Efficient sparse octree

In this post I am going to explain how I have implemented an efficient, pointer-less, and cache-friendly memory layout for an octree structure, written in C++.

Purpose of the octree

I needed to create a very fast octree structure for my game engine. It is primarily used for pathfinding in a 3D open space, building spaceships from blocks, and many other things. In these situations I needed very fast queries on whether a specific point is occupied or not, therefore, optimized for death-first search. Inserts could be slow, because they would be done once at the beginning of the game, or very infrequently.

The basics

The octree is stored in a linear memory std::vector<Node>. This is critical as it allows us to avoid costly memory allocations and a linear memory is better against cache misses (depending on the use-case).

First, let's start with the root.

The root is of type Branch, which is a union subtype of Node. Each branch has a property called next. The next is simply an integer that specifies a relative position of the next branch. Note, the #0 specifies position in the std::vector<Node>.

Because this is the root node, we know that the next node is pointing outside the array. We can ignore it.

Let's insert a leaf node.

The new lead node is a child node of the root. It must be placed to the right of the parent, the root. The parent's next property is set to value of 2. This again points to the outside of the array.

If we ask a query whether a point is occupied, we start from the root, and we know that next value is 2, therefore, we know that there are some children.

The leaf node simply holds some value of type T.

Such structure looks like this:

union Node {
    struct Leaf {
        T value;
    } leaf;
    struct Branch {
        uint32_t next;
    } branch;
};

Now let's insert another child node to the root. A sibling node to the leaf node at #1.

The process is the same as before. However, how do we know which octet the leaf node occupies? We need one more field into the Branch struct.

union Node {
    struct Leaf {
        T value;
    } leaf;
    struct Branch {
        uint8_t occupancy;  // <--- this!!
        uint32_t next;
    } branch;
};

We simply store the occupancy of the leaf nodes in the Branch struct's occupancy field. This is a bitfield, so we can store up to 8 bits of information, which is exactly the amount we need to store, 8 octants.

When looking for a node at a specific point, we have to traverse the tree recursively.

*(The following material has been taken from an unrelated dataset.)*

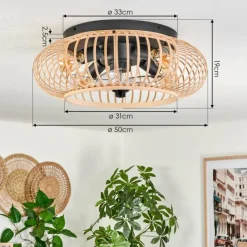 hofstein Plafonnier 50 cm Oravi Noir, 4 lumières, Télécommandes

Such function looks like this:

template <typename T>
class Octree {
private:
  std::vector<Node> nodes = { // Start with a root node
    Branch{.occupancy = 0, .next = 1},
  };
  uint32_t depth = 1; // Start with a depth of 1
  
  /**
   * Returns the width of the octree at the given level.
   */
  int getWidthForLevel(const int level) {
      return static_cast<int>(std::pow<int>(2, level)) / 2;
  }
  
  bool isOutside(const Vector3i& pos) const {
      const auto w = getWidth();
      if (pos.x > w || pos.x <= -w)
          return true;
      if (pos.y > w || pos.y <= -w)
          return true;
      if (pos.z > w || pos.z <= -w)
          return true;
      return false;
  }
  
  /**
   * Given the current bifield bit position, and a value that represents
   * all of the occupied octants, returns the next bit position that is occupied.
   */
  uint8_t nextChildCode(uint8_t current, uint8_t value) {
      if (!value) {
          return current;
      }
  
      while ((value & 1 << current) == 0) {
          current++;
      }
  
      return current;
  }
  
  T* find(Node& node, const Vector3i& origin, const Vector3i& pos, int level) {
      // With of octant at the current node
      const auto w = getWidthForLevel(level);
      
      // Finds the bitfield index of the child node
      const auto childCode = octreePosToIndex(pos, origin);
      
      // Early exit if such child does not exist
      if ((node.branch.occupancy & (1 << childCode)) == 0) {
          return nullptr;
      }
      
      // Position within the memory of the parent node
      auto parentIdx = &node - nodes.data();
      
      // First sibling position
      auto siblingIdx = parentIdx + 1;
      
      // Pointer to the first sibling node
      auto* sibling = &nodes[siblingIdx];
      
      // Find the octant index of the first sibling
      size_t i = nextChildCode(0, node.branch.occupancy);
      
      // Iterate until we find the octant that contains the point
      while (i < childCode) {
          if (level == 1) {
              // We are at the bottom of the tree
              siblingIdx += 1;
          } else {
              siblingIdx += sibling->branch.next;
          }
          
          sibling = &nodes[siblingIdx];
          
          // Advance to the next sibling
          i = nextChildCode(i + 1, node.branch.occupancy);
      }
      
      if (level == 1) {
          // We are at the bottom of the tree
          return &sibling->leaf.value;
      }
      
      // Shift the origin to the center of the child octant
      const auto childOrigin = origin - octreeOffsets[7 - childCode] * w / 2;
      
      // Continue recursively until we are at the bottom of the tree
      return find(*sibling, childOrigin, pos, level - 1);
  }
  
public:
  /**
   * Returns the width of the entire octree.
   */
  int getWidth() const {
      return getWidthForLevel(depth);
  }
  
  T* find(const Vector3i& pos) {
      if (isOutside(pos)) { // Whether the point is outside the octree
          return nullptr;
      }
      return find(nodes[0], Vector3i{0, 0, 0}, pos, depth); // Start at level=depth
  }
};